Sunday, June 27, 2010

You think you know, but you have NO idea.

I've been thinking a lot about poverty and standard of living questions since my arrival. This city sometimes seems to be wrapped in gold- as I cross the river every day, I see many churches with golden domes glinting in the sunlight. But then I see some very real evidence that the church is perhaps the one of the very few things touched by gold here. This is especially the case since the cop I met last night (the Ukrainian cousin of an American who was in Kiev to visit family) tells me that my neighborhood- one of the poorest in Kiev, is also the most crime-ridden. Great.

One thing that was particularly striking to me was the woman selling cherries outside my apartment building. There was one basket of cherries that were yellow and red streaked on sale for 24 grivnas. The middle basket had solid red, but light colored cherries for 26 grivnas. The most expensive were a vivid shade of red: the type I'd expect to see in an American grocery store. Those were 28 grivnas.

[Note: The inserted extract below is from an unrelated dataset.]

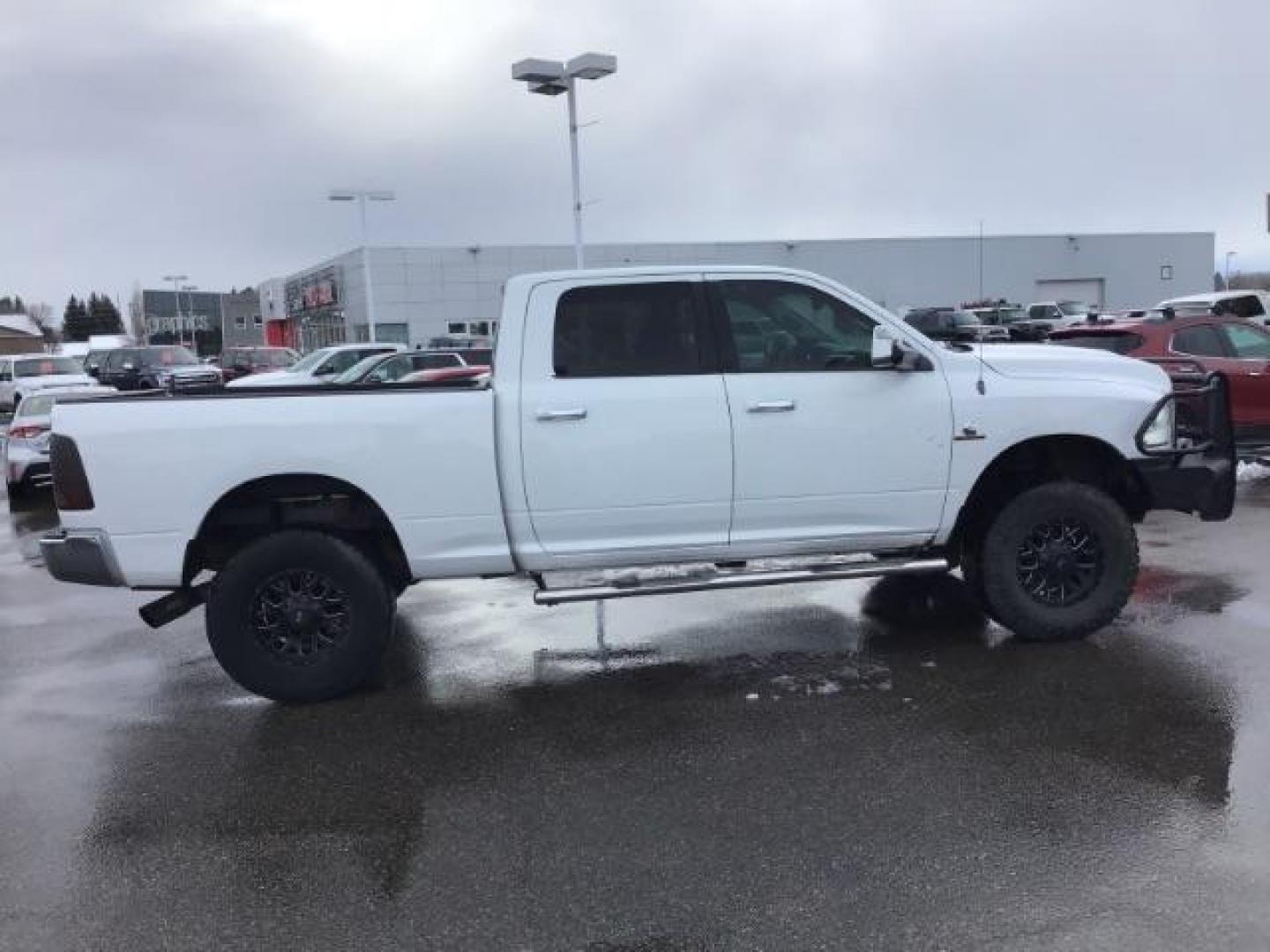 2013 Bright White Clearcoat /Diesel Gray/Black RAM 2500 SLT Crew Cab SWB 4WD (3C6UR5DL9DG) with an 6.7L L6 OHV 24V TURBO DIESEL engine, 6-Speed Automatic transmission, located at 1235 N Woodruff Ave., Idaho Falls, 83401, (208) 523-1053, 43.507172, -112.000488 - This 2013 Ram 2500 SLT 4x4, has the 6.7l diesel motor. It has 196,000 miles. It comes with cloth interior, back up camera, blue tooth audio, spray in bed liner, power mirrors, and power windows. At Timberline Auto it is always easy to find a great deal on your next vehicle! Our experienced sales sta - Photo#5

How sad, I thought. I can't imagine the sort of poverty where you would buy unripe produce to save 4 grivnas (about 50 cents.) That image really stuck with me.

Fast forward a couple days. My host family had left to spend the day in the "dacha," which is like a little village retreat for urban-dwellers. They come back, and my host sister brings me a huge bowl of cherries- one vivid red, and one yellow with some pale red streaks. Pointing to the red ones, then the yellow ones, she explains "These are normal cherries, and these are sweet cherries. You have sweet cherries in the US?"

Oh.

I'm not a huge cherry fan, generally. I think they can be too sour, and this is one of the few flavors where I much prefer the artificial version to the natural one. The sweet cherries, however, were delicious and I promptly ate every one.

Which other assumptions, I wonder, do I need to start rethinking? I can think all I want, develop these plausible hypotheses, and they can be ENTIRELY wrong. Until I've walked a mile in their shoes (or several miles on cobblestone roads in high heels, as the locals tend to do), almost anything I "know" is questionable. Sooo... I have about two months left, and I'm going to be doing a TON of walking. :)

1 comment:

  1. wow, I feel like I'm learning so much vicariously from your blog!